Then, Pope Benedict’s decision came quietly, almost as a matter of course. We are startled by the decision, but we are not dismayed. The move is very unexpected and rare, but it gradually seems to be a courageous thing to do and it makes sense. Who knows how the precedent will play out in the future (disaffected people marching on St. Peter’s square carrying signs of “Resign Now”?). All we can say is that at this time and in these circumstances, it’s okay. Significantly, he made the announcement at a normal meeting with the cardinals of the Vatican. No PR blitz, no major press conference, no fuss. It’s only the listeners who are blown away. (If you watch the video clip of his announcement, watch the eye movements of the bishop seated on the right side of the frame. It’s clear that he didn’t know a thing about it.) If only the proclamation of the Gospel had that kind of effect on people.

People now worry about having two popes and the protocol mess that could ensue. (Will the cardinal announcing the results of the new election from the balcony have to say “Habemus secundus papa”?) All the speculation is just silly, of course. The opposite to a protocol mess is more likely to be true. It takes one to know one, and BXVI will undoubtedly be as unseen and quiet as possible, supporting with sympathy, encouragement, and prayer the person who next wears the white.  It’s the same as when you see someone (first-time mother, newbie in business, new student in class, etc.) who is suddenly placed in a position that you remember quite well. Intuitively, you know what will help and what will hurt. It’s my guess that a former pope has developed habits of generosity and wisdom that will easily come to the fore. Would that we would all do the same.

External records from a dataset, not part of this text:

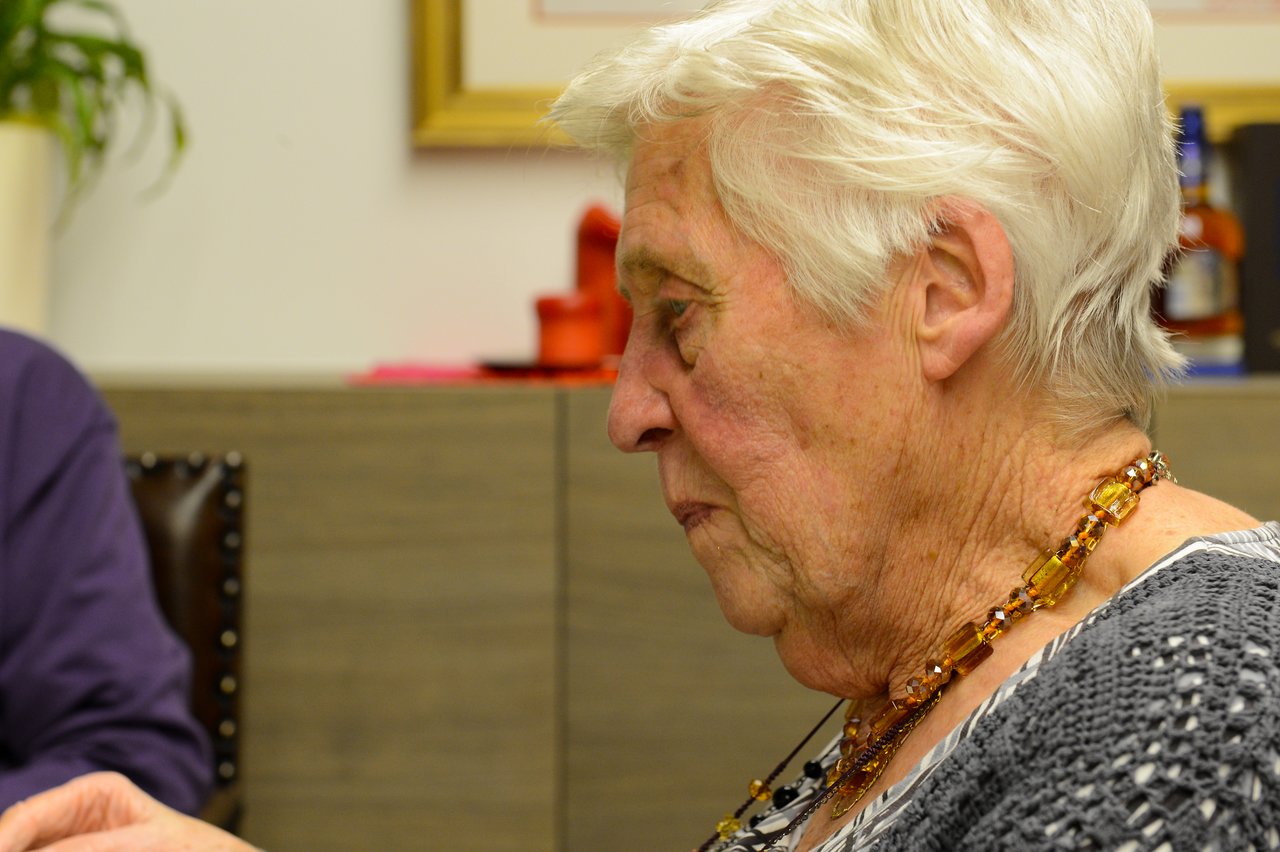 Elderly woman with short white hair wearing a beaded necklace, looking down in a thoughtful expression.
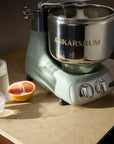 Ankarsrum nordic sage stand mixer on a countertop with a half-grapefruit and a glass of water.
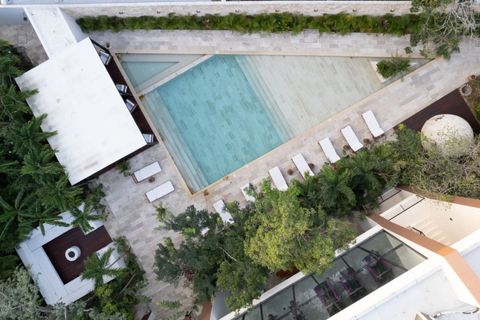 Aerial view of a serene pool area with lounge chairs, shaded beds, tropical trees, and a temazcal. A perfect space to unwind and enjoy the peaceful Tulum atmosphere.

So all of this is a good thing, and Benedict XVI will have taught us with his own actions, just as JP II did with his, what it means to have integrity and faith. Saints down the ages show us that holiness manifests itself in absolutely unique ways. No people are fully alike, and the saints are really not alike. That’s holiness, or wholeness, in a well lived life. Integrity and faith may not lead us to a balcony, but they will lead to our real and best selves.